Namun Pemohon meyakinkan Majelis Hakim bahwa yang dimaksud adalah pengujian norma. Pasalnya, Pemohon merasa Pasal 231 ayat (3) KUHP masih belum jelas. ”Kalau menurut kami ini, yang tercantum di Pasal 231 kurang (jelas), Yang Mulia,” ujarnya.
Kehilangan Emas
Sebelumnya, Suhaemi Zakir sebagai Pemohon perkara 110/PUU-XII/2014 ini dalam perkara yang lain juga mengujikan Penjelasan Pasal 49 ayat (3) huruf b UU Perbankan dengan No. 109/PUU-XII/2014 di MK.

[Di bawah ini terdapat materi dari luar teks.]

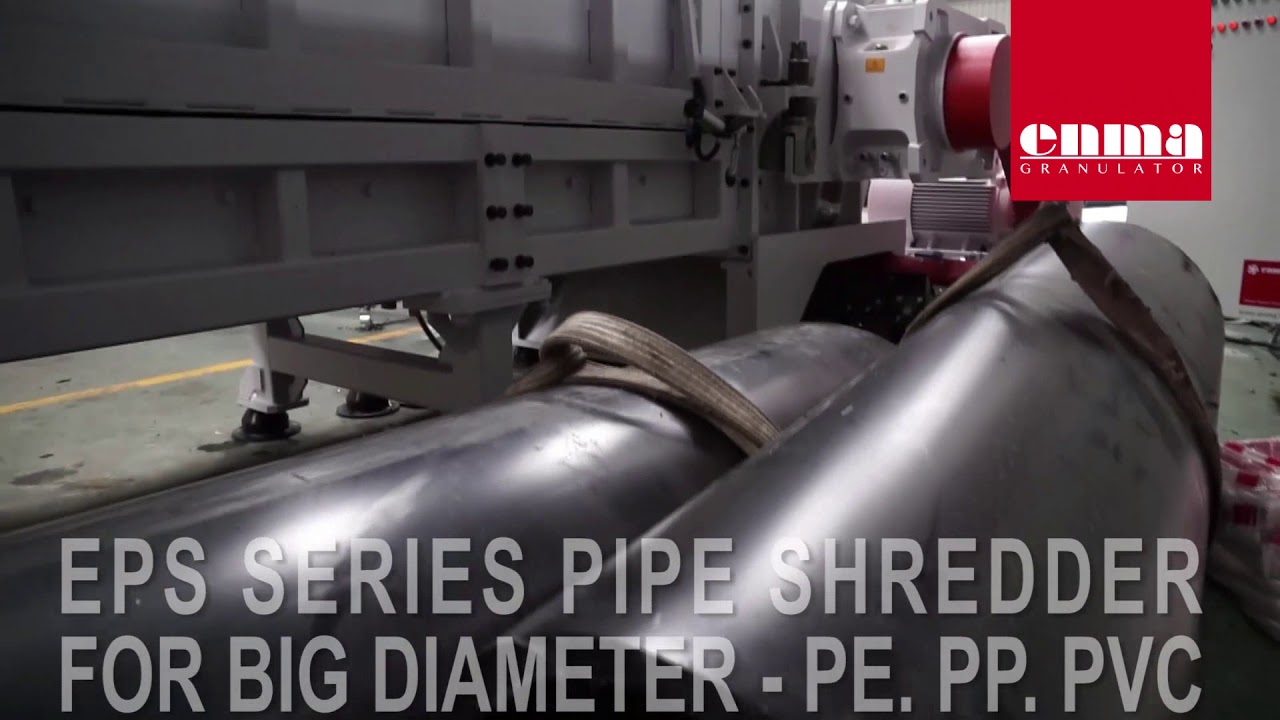 Pipe Shredder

Dalam permohonannya, Suhaemi Zakir menyatakan dirinya telah menggugat Pasar Mayestik yang telah membongkar tokonya pada malam hari. Pembongkaran tersebut menyebabkan emas sebanyak sepuluh kilogram di toko miliknya hilang.
Pasar Mayestik pun digugat ke PN Jakarta Pusat dan memenangkan dirinya. Pasar Mayestik pun diperintahkan membayar ganti rugi atas hilangnya emas tersebut. Proses pembayaran tersebut diperintahkan melaui rekening milik Pasar Jaya yang ada di Bank DKI. Pada 7 Maret 2014 lalu, PN Jakarta Pusat akhirnya melaksanakan eksekusi pencairan sesuai dengan penetapan pengadilan tertanggal 3 Maret 2014. Namun eksekusi pencairan pembayara sepuluh kilogram emas tersebut tidak berhasil dilakukan. Sebab, Bank DKI beralasan pihaknya dapat mencairkan dana tersebut sepanjang pihak juru sita pengadilan membawa surat perintah pemindahbukuan atau cek/bilyet giro dari PD Pasar Jaya selaku pemilik rekening. Bank DKI memastikan pencairan dana tersebut belum sesuai ketentuan hukum perbankan.
Atas kejadian itu, Suhaemi melaporkan Bank DKI ke kepolisian dengan tuduhan melanggar KUHP antara lain pasal 231 dan Pasal 49 UU Perbankan.